And has the role of business leaders and CEOs been changing? For example, Gary Hamel was talking about everyone in a company needing to think strategically. Is there now a need to get more people involved in strategy, rather than just the CEO or a small planning department?

MP: In general a top down view to strategy doesn’t work so well because the people who need to work on it, need to execute it, need to contribute to it, need to be involved in fine tuning the net view.

What has always been important and always will be important that everyone involved in the company needs to understands the strategy. Somebody needs to be able to articulate it, make is explicit, make sure it comunicated, and in multiple ways engage all the different parts of the organisation. Or you’re going let each function of the company drifting off in whatever direction is cool in that function.

What do CEOs do? What’s the job, what’s success? What are the activities involved in this role and how do they work with these massive number of other people involved in these companies as they can’t engage everyone, how do they best create leverage? And strategy turns out to be one of the major uses of CEO time. Because it’s the way they get alignment and get all the people in the organisation to understand who we are and what we do and who we’re serving. Otherwise they’re taking a risk that people drift of in whatever direction is cool because they get a deal but the deal’s not consistent with the where the company is going.

Strategy is one of the tools for developing social capital, for getting alignment and most CEOs invest a lot of time in that, they particulate activity in the strategy process, they’re always out there talking about the strategy, and reminding all their employees whenever they do out and meet with thousands of people, they’re telling a consistent story and they want everyone to hear the same story.

CEOs spend a lot of time on strategy, reviewing businesses, operating reviews, they start with the numbers but also understanding how well is this business doing and why and usually the analysis ultimately it cuts through to strategy issues.

So I’m fascinated by the role of a leader in a company employing 200,000 people - what do you do? We have these enormously complex enterprises now, and lots of really small interesting companies that are growing up. But the key thing we have to have to do, we have to have some higher level guiding principles otherwise we get lost in idiosyncratic discussion that’s not anchored in the real world and what competition is really like - for example, if you are going to have a sound strategy you need to figure out what customers you’re going to serve and so on.

Ultimately, strategy is a creative act, it’s a group of people figuring something out that nobody figured out before because if someone had figured it out it wouldn’t be distinctive and it wouldn’t lead to success. So I always talk about strategy as an act of innovation, involving a lot of different people in a complex system called a company. So how do you get people opened up to think creatively?

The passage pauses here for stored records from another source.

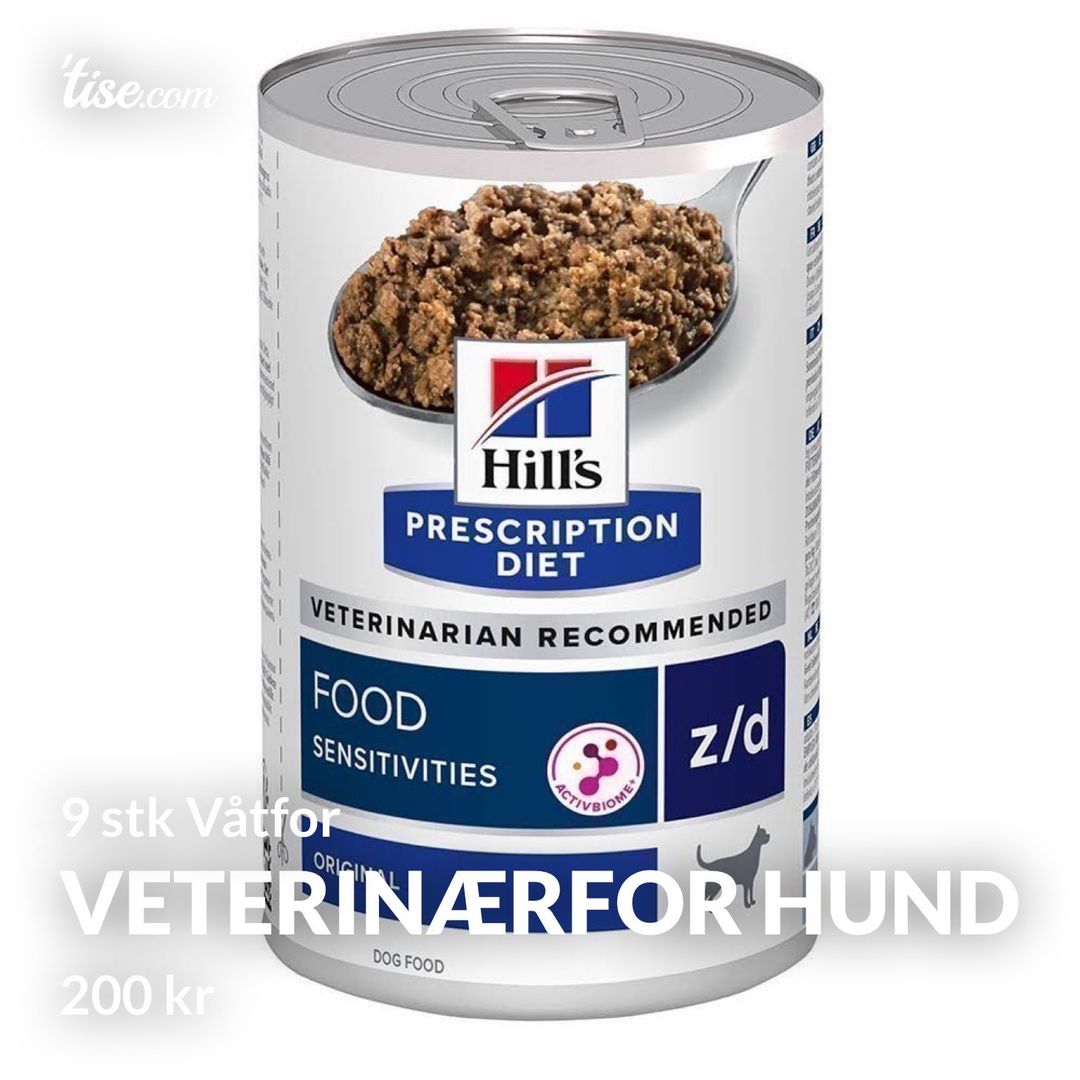 Veterinærfor Hund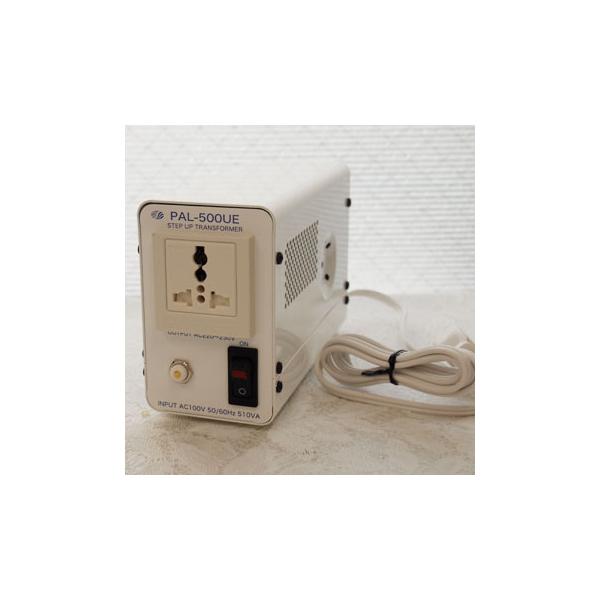 スワロー電機 受注生産のため納期約2週間アップトランス 100V→220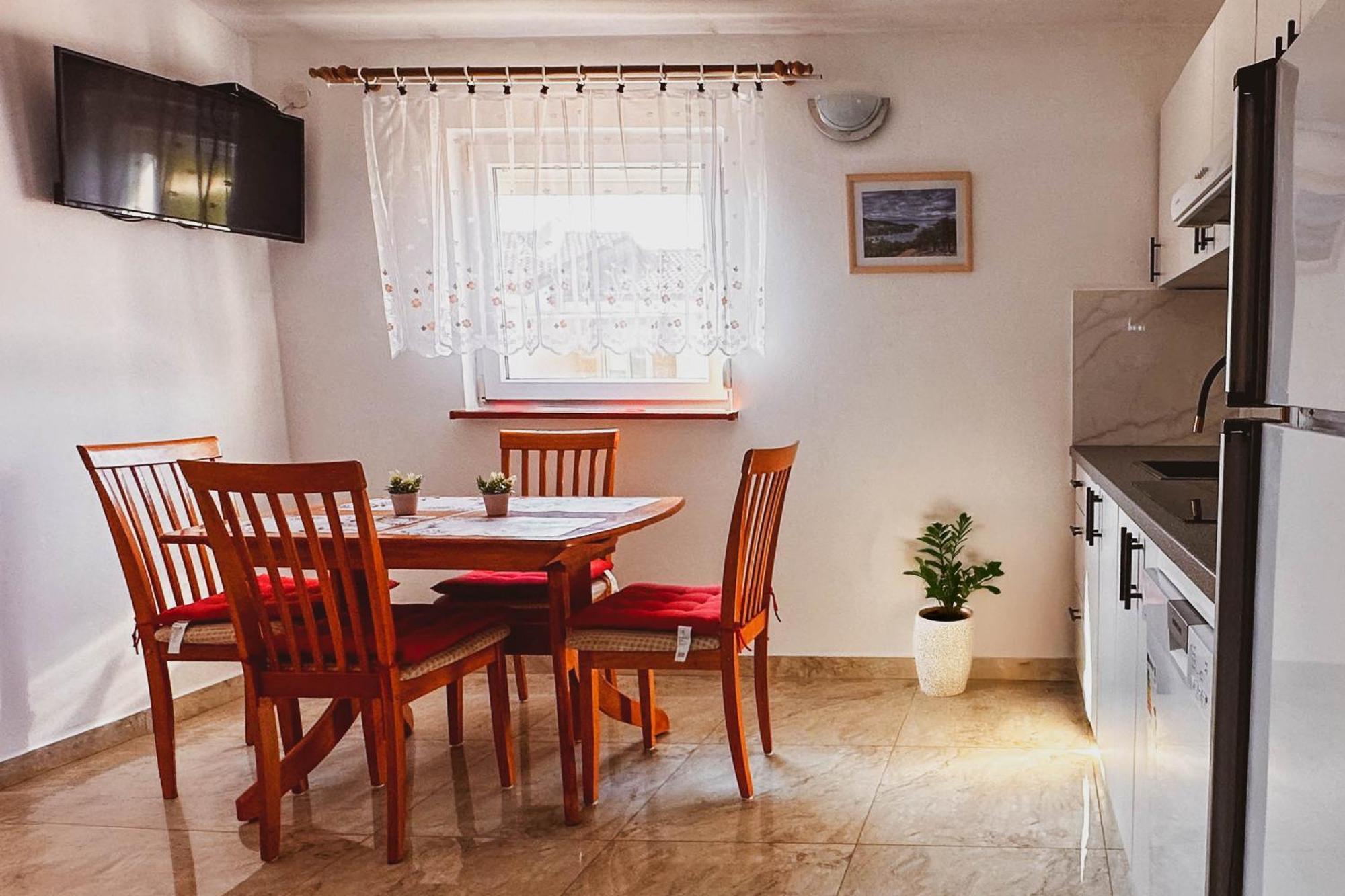 Apartmani Trupeljak Mandre Ruang foto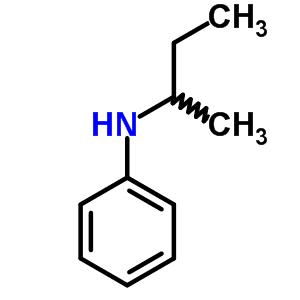 Benzenamine, n-(1-methylpropyl)-Structure,6068-69-5Structure Benzenamine, n-(1-methylpropyl)- Structure,6068-69-5Structure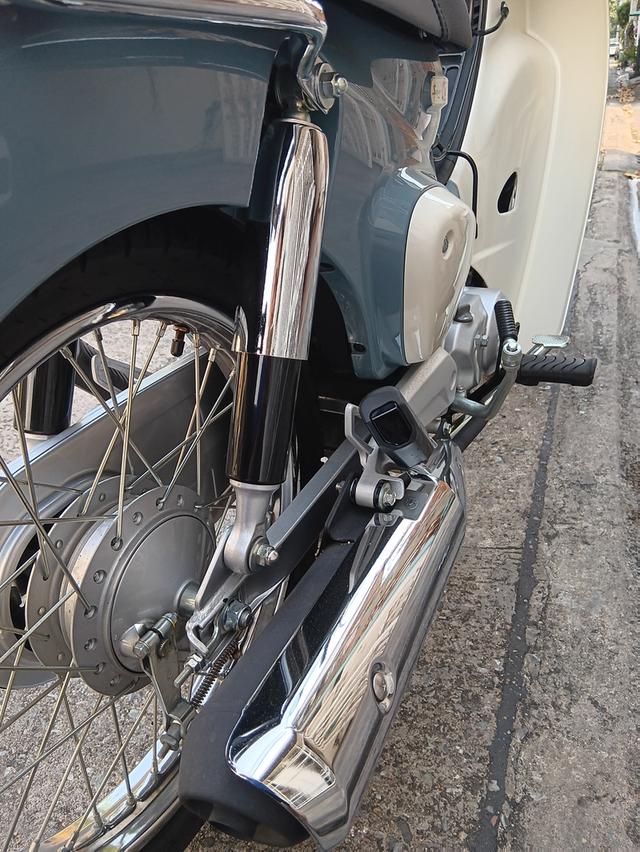 มอเตอร์ไซด์ Honda Super Cub มือสอง ปี 2025 รูปที่ 4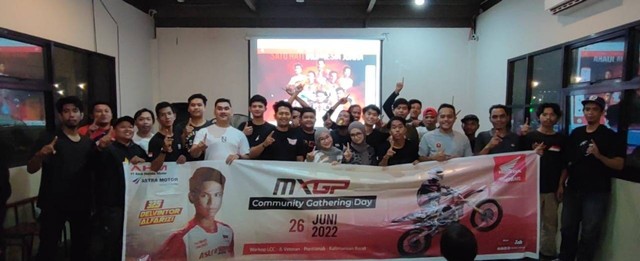 Nobar MXGP 2022. Foto: Dok. Astra Motor Kalbar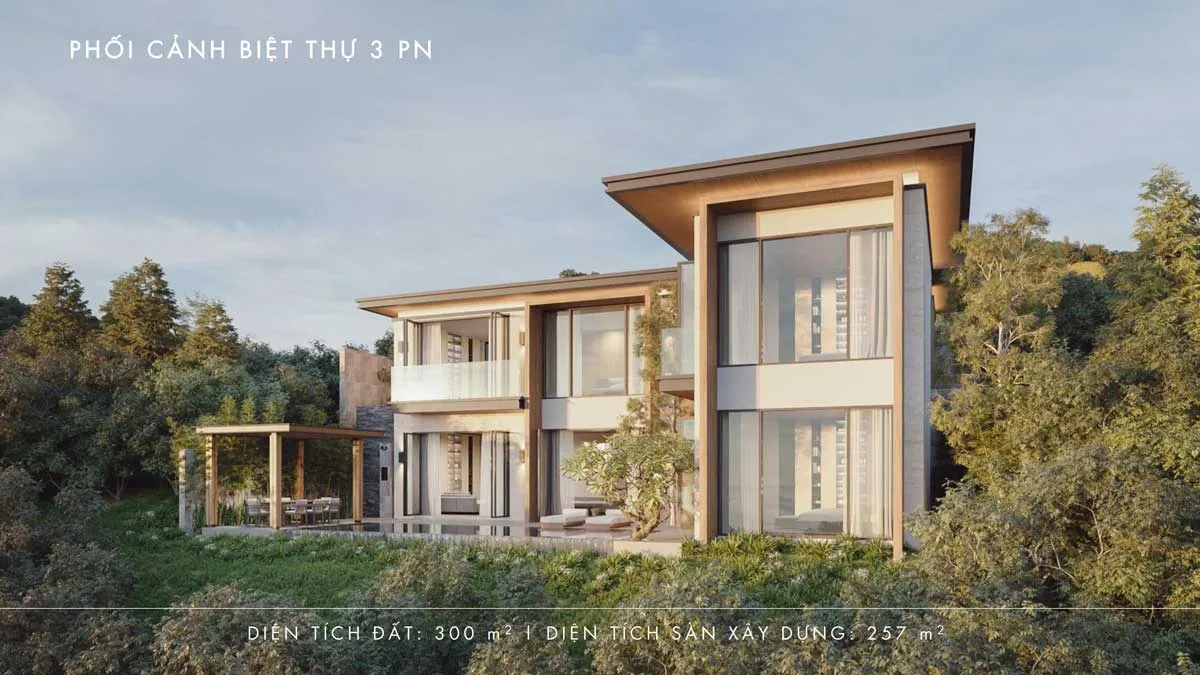 Vĩnh Hội Bay 15 Biệt thự 3PN Dự án Khu du lịch khách sạn nghỉ dưỡng Vĩnh Hội Bay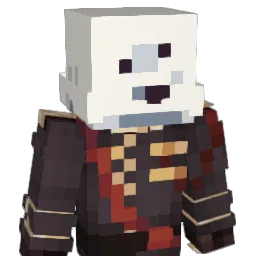 Loreloreo Minecraft avatar bust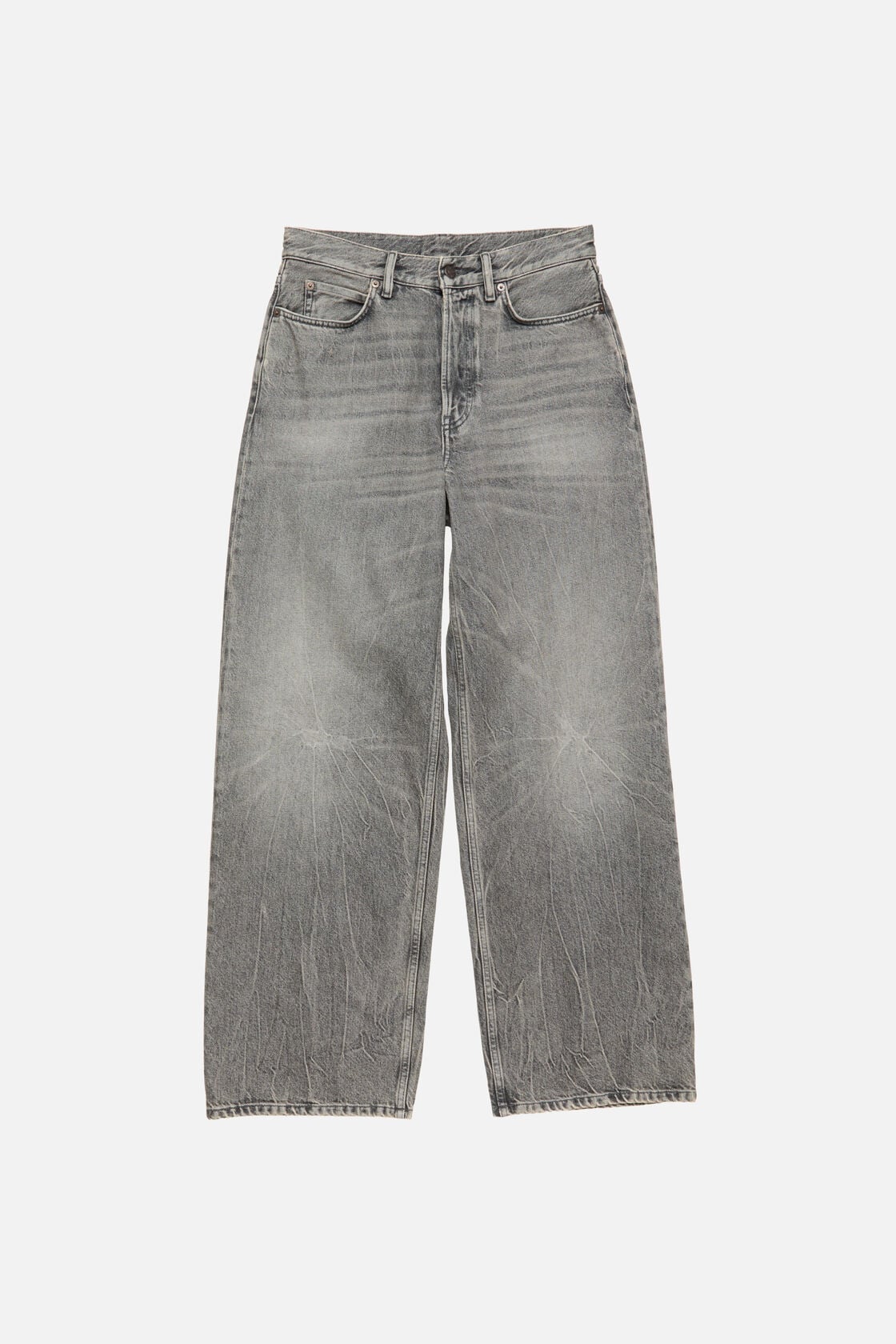 Loose fit jeans - 1981 - Washed Black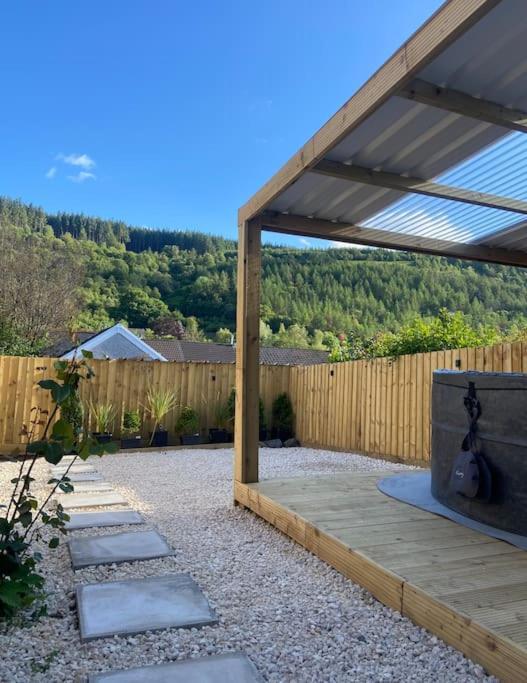 Brynhyfryd Cottage Aberaman ภายนอก รูปภาพ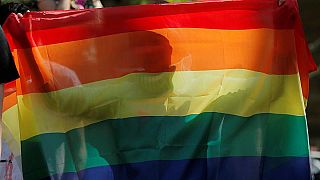 علم مثليي الجنس والمتحولين جنسيا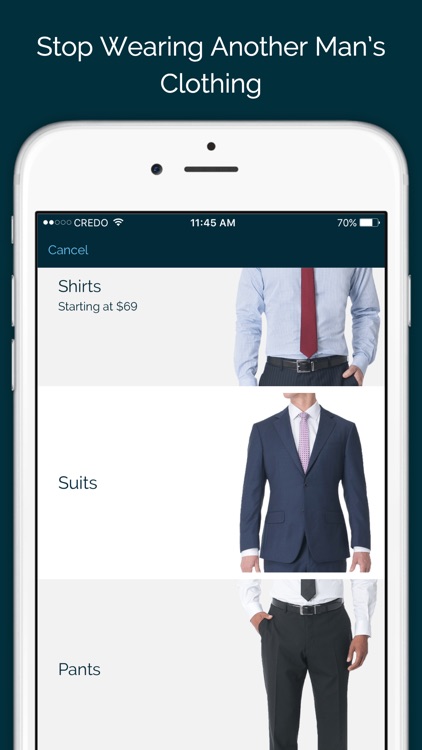 MTailor - Custom Shirts, Suits & Jeans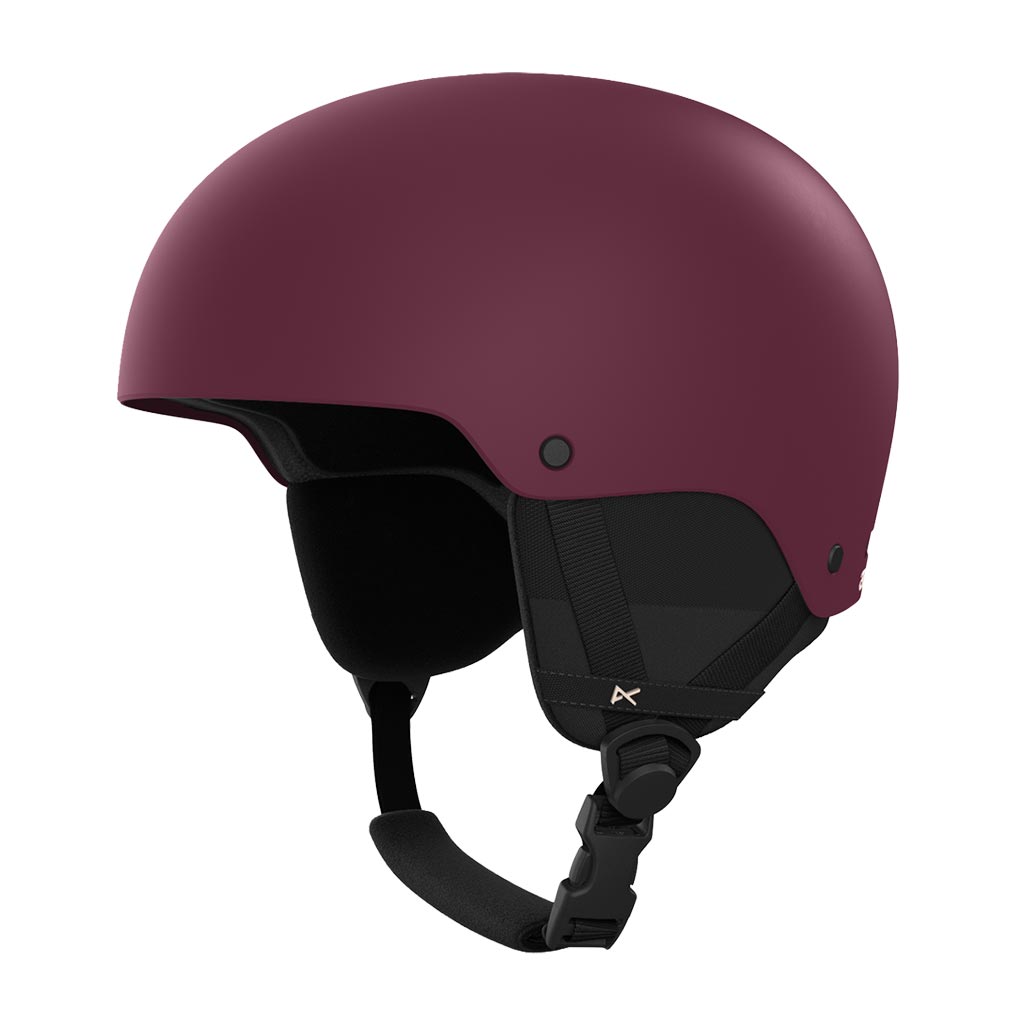 Anon 2026 Raider 3 Helmet - Deep Cherry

But between creating the strategy and implementing it, does it need to come back to a small group of people or person:
 
MP: Somebody has to be able to see the whole and help articulate articulate the whole and make sure there is alignment across all the functions. Any part of a company, product department, quality control, sales force, there’s a certain logic in salesforce management and without clarity on the strategy they’ll just do that. So if the cool thing to do in marketing now is to do social media they’ll just do that. But then the question what is the purpose of the social media  and to what is it contributing and how does that work? So there is a need for a holistic thing to ensure that the whole company is contributing in some consistent way to some consistent strategic positioning.

 
And does that person who can see the whole need to be the CEO?

MP: Not necessarily, there are multiple levels of strategy, business strategy, group strategy, etc. But ultimately the CEO of that business unit is the only one who has right perspective. Everyone else at last somewhat worried about their part. They want to preserve their importance as Chief Marketing Officer or Head of Logistics. The CEO is the only one who is actually neutral and only cares about does all this come together into something distinctive and important and are we reinforcing ourselves rather than fragmenting ourselves?

You can have a lot of people involved in the process but ultimately the people need to come together with the overall company success at issues, not their function, how many people they get to hire. You need to get people away from the functional logic. So there’s a certain good practice on what a good supply chain looks like. Well, it tuns out a good supply chain really depends on the strategy. Do you need to be there every day, do you need to show up on time? - there’s lots of different variations in the supply chain. There’s no such thing as a good supply chain, only the supply chain for this strategy. That’s a point I have to make all the time because people don’t understand that.

We talked about a few other things indlcuing national competitiveness, Brexit and clusters, but I think the above points are the main ones which will interest readers of this blog.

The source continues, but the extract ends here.